Hams: Ham prices were volatile last week, with mixed results, all on the final plays for product positioning going into the upcoming holiday. Last week was likely the last for any degree of strength, but nothing major materialized, as labor was likely not there to process all the hams coming through the harvest, which kept product moving. Do not look for price increases this week, as time is eroding to get hams through the smokehouses before Thanksgiving. Look for easing the next two weeks, albeit more akin to softness without breaking down. Hams will be on the offensive again coming out of the Thanksgiving holiday for year-end holiday preparedness, but new highs are not expected.

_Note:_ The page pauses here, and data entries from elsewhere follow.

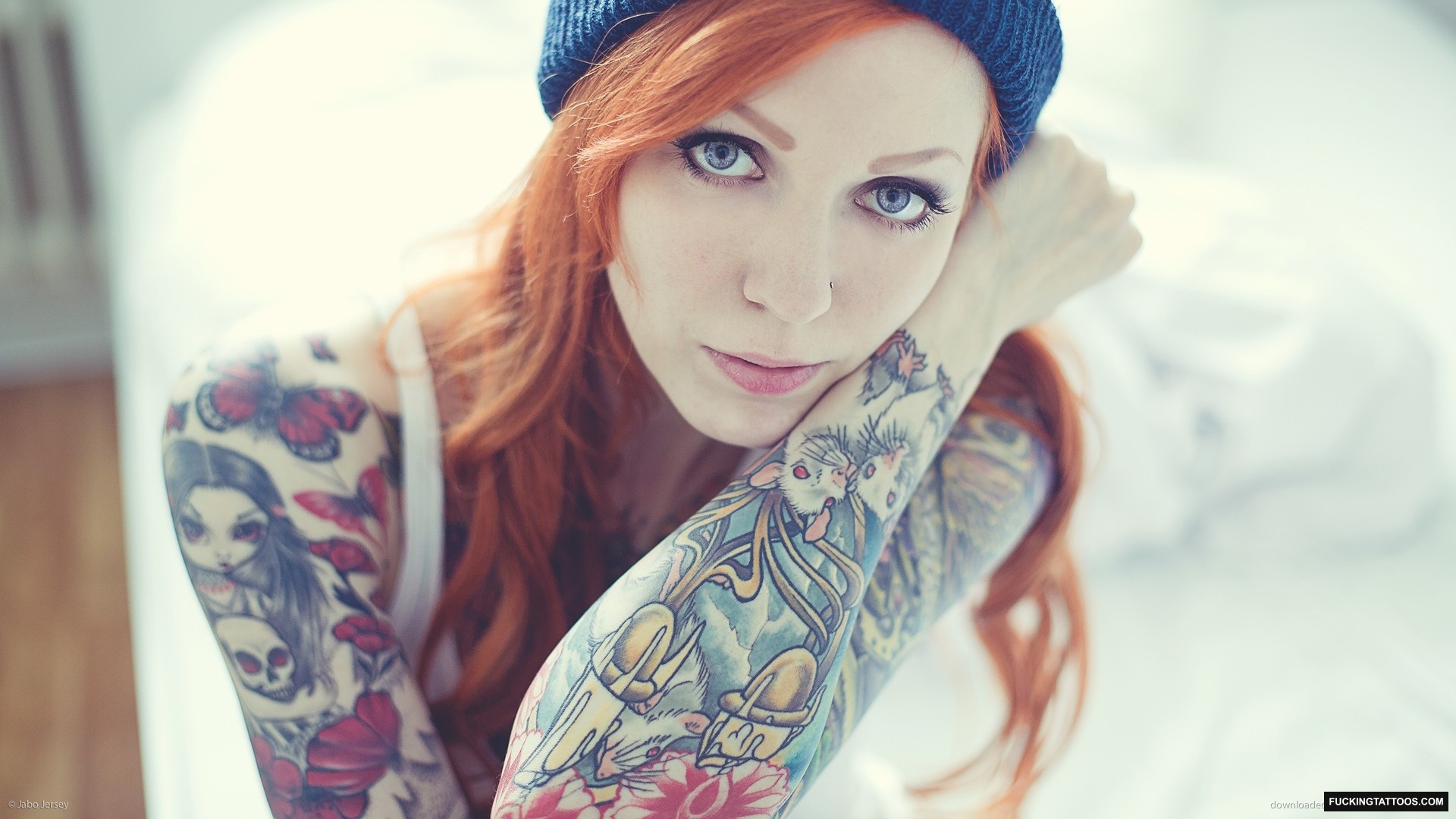 Cute Redhead With Blue Eyes And Sleeves. Decent Wallpaper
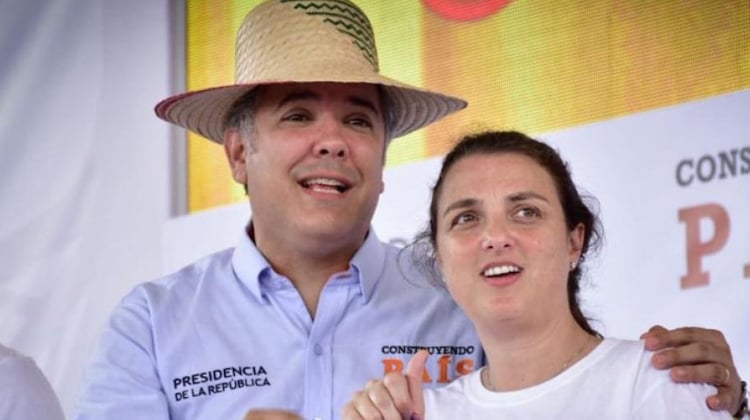 ¿No será que le corresponde al Centro Democrático pedir la renuncia de la ministra?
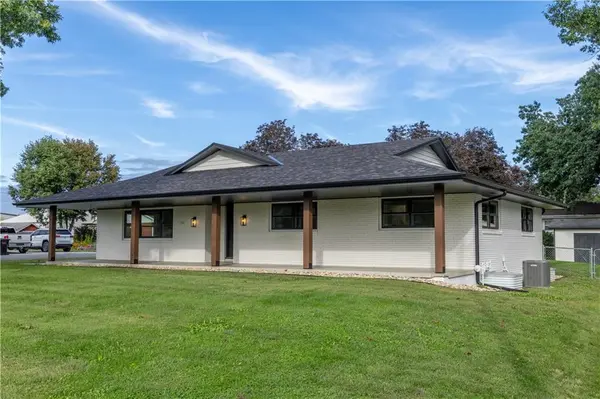 501 S US 71 HWY, Savannah, MO 64485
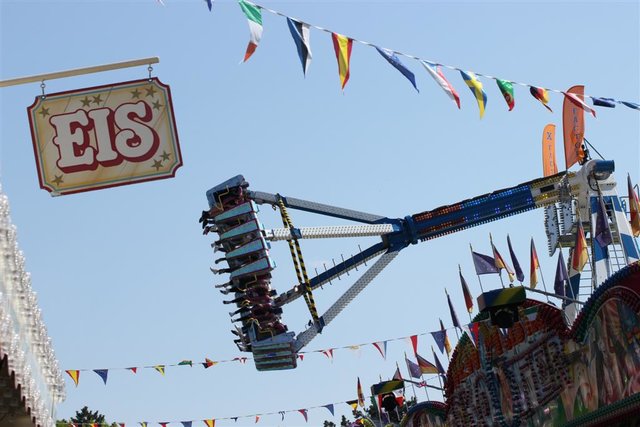 Zahlreiche Karussells drehen sich seit der Kirmeseröffnung am heutigen Samstag auf dem Otto Ackermann-Platz. Die Hagener Osterkirmes geht noch bis zum 28. April. | Foto: Patrick Jost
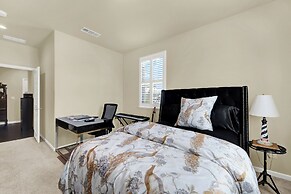 1 Mi to Dtwn Winters: Home w/ Fire Pit & Patio!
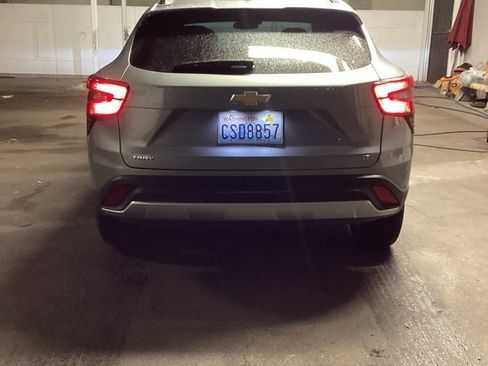 Used 2025 Chevrolet Trax LT w/ LT Convenience Package image 8
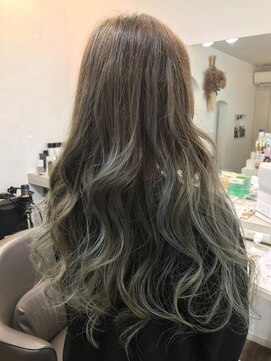 ヘア デザイン 虹いろのはさみ ハイトーン　アッシュカラー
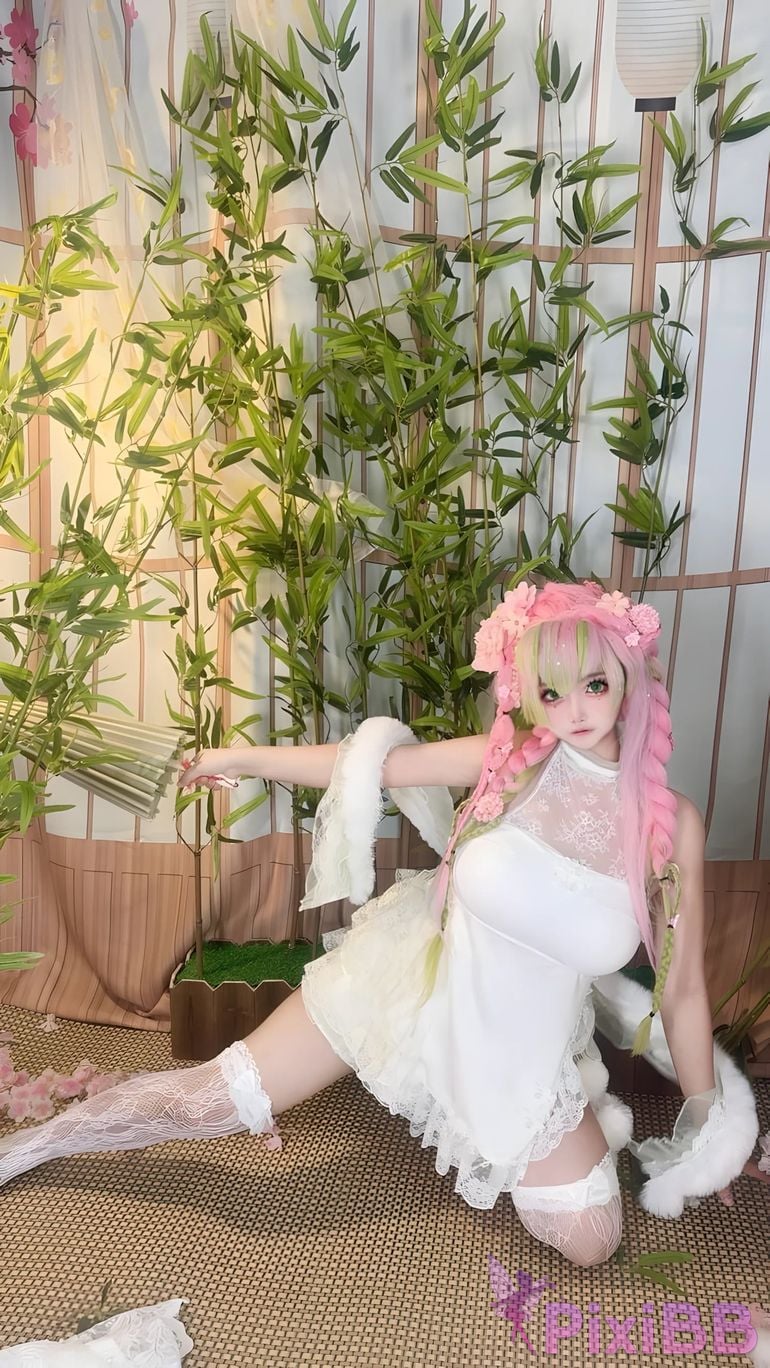 Cosplayer Vanilla Milk Meow D e m o n S l a y r K i t s u Y b Kanroji Mitsuri Collectors Edition PixiBB.COM 150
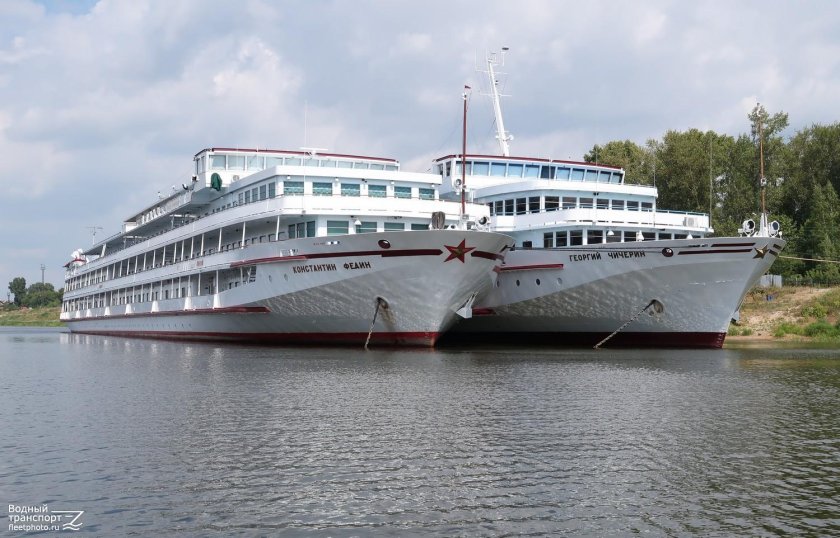 Теплоход Константин Федин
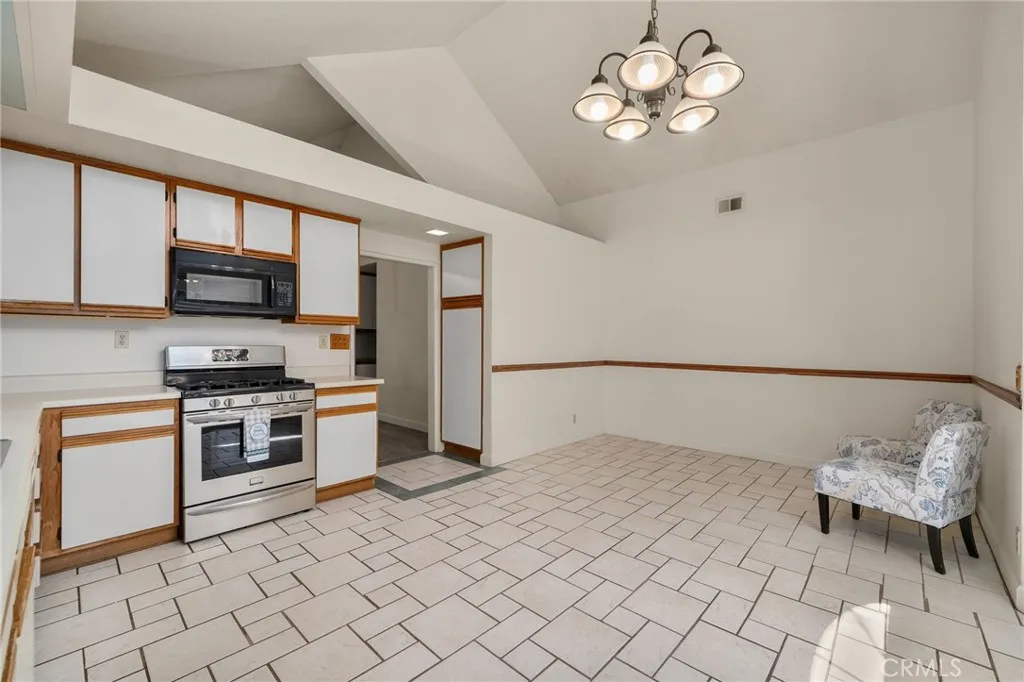 Rancho Cucamonga, California 91730, United States, 3 Bedrooms Bedrooms, ,2 BathroomsBathrooms,Residential,Active,166633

Hams should not eclipse $80, on average, the remainder of the year even if there is any unexpected strength. When hams can no longer get processed for Christmas or New Years' delivery, expect successive weakness in the complex.
Bellies: Overall belly values continued lower last week, but certainly slowing from the prior two weeks of aggressive price reset. At a price point well below last year and the average, the $100 level represents an inability for extra bacon processing at the moment, in the final throws of labor for the Thanksgiving holiday preparedness at processing plants as the present focus. Extra bellies that cannot get processed right now are clearing the market, and they are certainly at a price point typical of seeing cold storage intent. Bellies can go into rotation in December at $115, a few weeks earlier at just above $100 is plausible right now. Bellies are not likely aggressively risk higher in the next five weeks, as harvest levels still have not peaked yet for this season. .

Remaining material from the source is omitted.